Sure enough, when I acquired and set up my AirPods Pro to play my Mac’s audio, launching Capo caused the system’s audio to revert down to the crappy, 16kHz “bluetooth headset mode” that sounds awful. I thought that my prior workarounds might have been incomplete, but I was doing everything right.

After lots of investigation, ~~I discovered that merely creating the AVAudioEngine causes the sound degradation. Like, simply calling [[AVAudioEngine alloc] init] destroys the quality of the Mac’s output audio.~~ It turns out I was wrong about this, and the new bug is that calling outputNode now triggers the issue. More details at the bottom of the post.

It looks something like this for our users: If you’re listening to the Music app, everything’s running at full quality. Then, you load a project in Capo and your already-playing music now sounds like garbage. In fact, everything you play from now on in any other app sounds like garbage until you quit Capo and re-start audio playback elsewhere.

Hey, Apple—guess who my customers will blame for this?

As a sucker^W consumer of this API, I don’t get any opportunity to prevent this from happening like I was able to do before. I need to construct the engine before I can override its output unit, but by that point the damage is already done.

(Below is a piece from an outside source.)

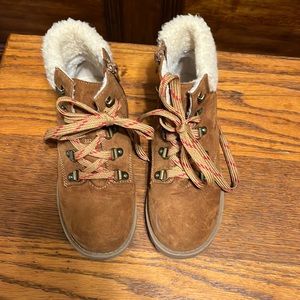Arizona girls boots size 2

Adding insult to injury, I re-tested this behavior with my old pair of AirPods and found that the issue is exactly the same. I don’t know if this just showed up in 11.1, or we somehow missed this during testing (we’re human, after all.) Given my past experience with AVAudioEngine, I wouldn’t be surprised if it’s a regression.

Now what?

For each of the above scenarios that caused trouble for the AVAudioEngine API on macOS, not a single one caused trouble in my battle-worn audio engine that is built on top of AUGraph and the DefaultOutput Audio Unit.

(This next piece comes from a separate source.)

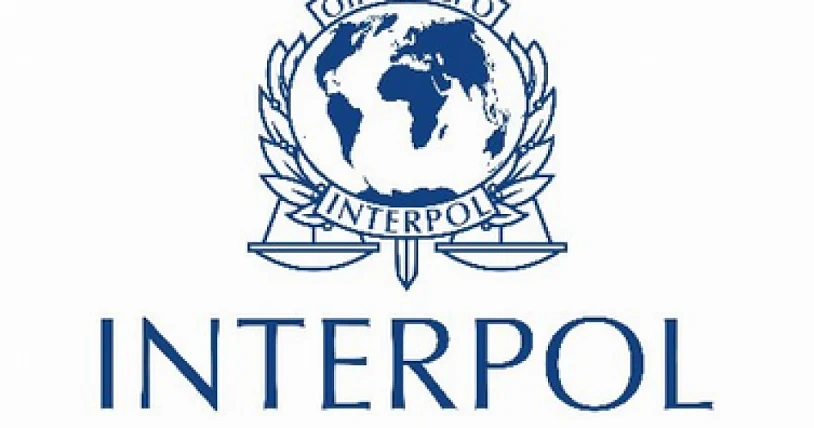 Издирват президента на Интерпол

Capo’s main audio engine handles AirPods perfectly, it’s fine with aggregate audio devices, and it even gracefully handles audio hardware that disappears during audio playback.

AVAudioEngine seemed to deal with aggregate audio devices before 10.13.5 (or whatever), but then it broke mysteriously. Later, it seemed to completely lose its mind in the presence of AirPods.

Unfortunately, Apple has marked the AUGraph API as deprecated, and urges us to move that code to use AVAudioEngine instead to manage a graph of audio units.

No thanks, Apple. Call me when Logic or Final Cut are based on AVAudioEngine, and we’ll go for a skate together in Hell.

I guess I need to go back to doing things the hard way.

EDIT (20210127): It turns out that my prior debugging was flawed, and I was preventing a call to outputNode or mainMixerNode when I commented out the initialization of the engine.

Still, the previous workaround no longer works because calling outputNode now triggers the issue. I put together a sample project called CrappifyAudio that demonstrates the problem in a minimal way.